Obama’s War on the First Amendment
Obama’s War on the First Amendment
by Phyllis Schlafly
February 19, 2014
When Barack Obama said he planned to “fundamentally transform” the United States, he wasn’t referring only to spreading the wealth around or even to conforming our foreign-trade regulations to the dictates of globalist busybodies. He is also working openly and covertly, through administrative regulations and supremacist judges’ decisions, to change us into a sanitized secular nation.

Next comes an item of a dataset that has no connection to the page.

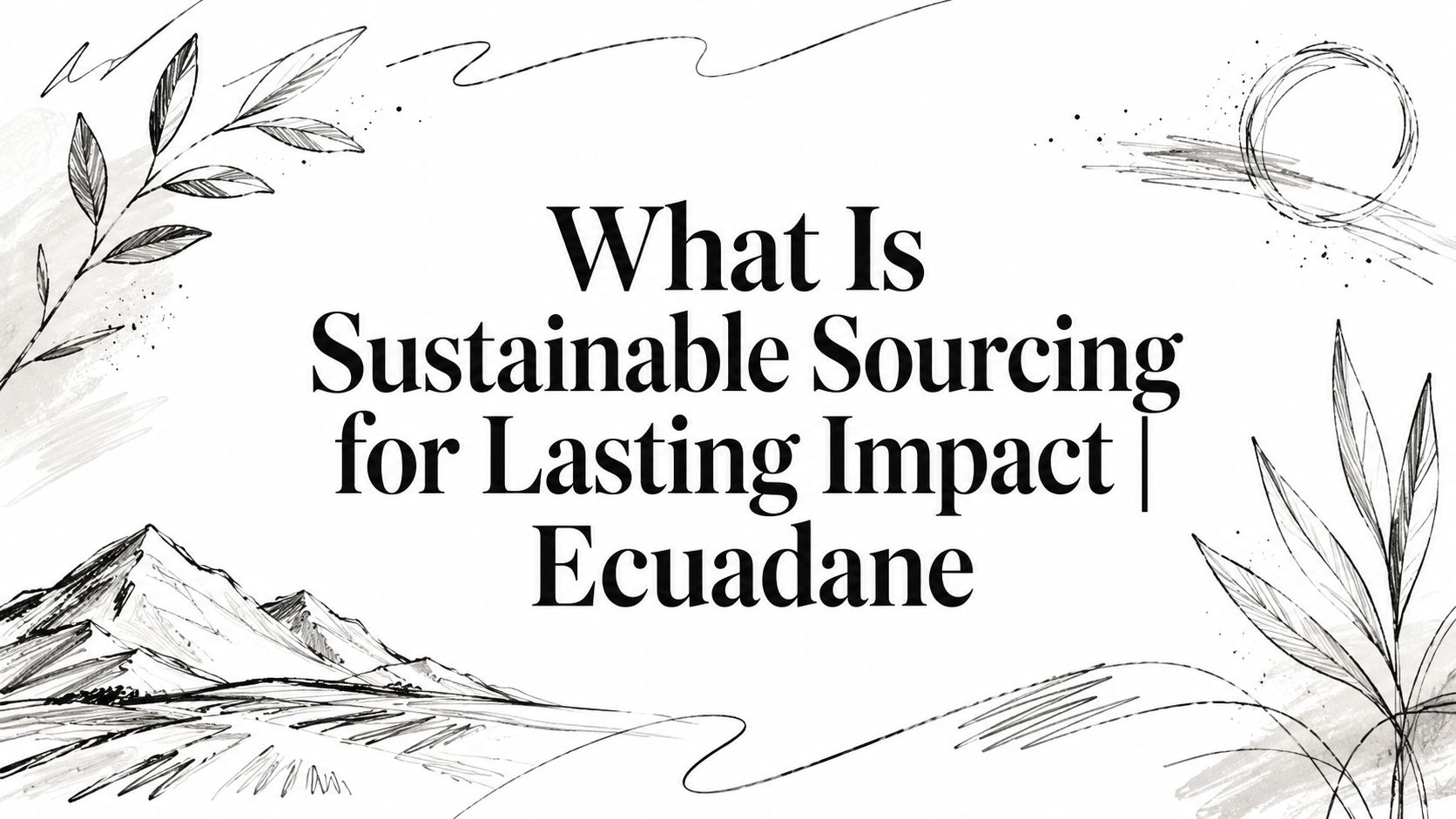 What Is Sustainable Sourcing for Merchandise and Textiles?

The cutting edge of Obama’s war against religion will come into public view on March 25 when the U.S. Supreme Court will hear oral arguments about the Obama Administration’s attempt to force private companies, such as Hobby Lobby, to cover abortion-inducing drugs for their employees even though the company’s owners are morally opposed to such drugs. Hobby Lobby has courageously stood up for its religious principles against this requirement despite the threat of fines of $1.3 million daily for not complying with this Obamacare mandate.

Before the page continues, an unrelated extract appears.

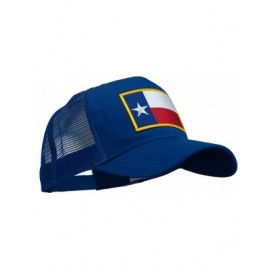 Baseball Caps Texas State Flag Patched Mesh Cap - Blue - C211TX7G0FR $14.20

Another company, Conestoga Wood, has also stood up against this suffocating infringement on freedom of religion by Obamacare. The Supreme Court will hear both cases on the same day.
Hobby Lobby is a prime example of America as a land of opportunity. The family-owned company started in 1970 with a $600 loan and a garage workshop, and today boasts 588 stores in 47 states and 13,000 full-time employees.
The owners are devout Christians who treat their employees extra well, donate a big hunk of their profits to charity, and are closed on Sundays. The issue in the Supreme Court case is that the Obama Administration is trying to force Hobby Lobby’s owners to provide abortion-inducing products that violate their religious beliefs.
Hobby Lobby’s owners are not demanding that those products be banned or that anyone (including employees or customers) be prohibited from buying or using them. Hobby Lobby’s owners just do not want to insure items that violate their religious beliefs.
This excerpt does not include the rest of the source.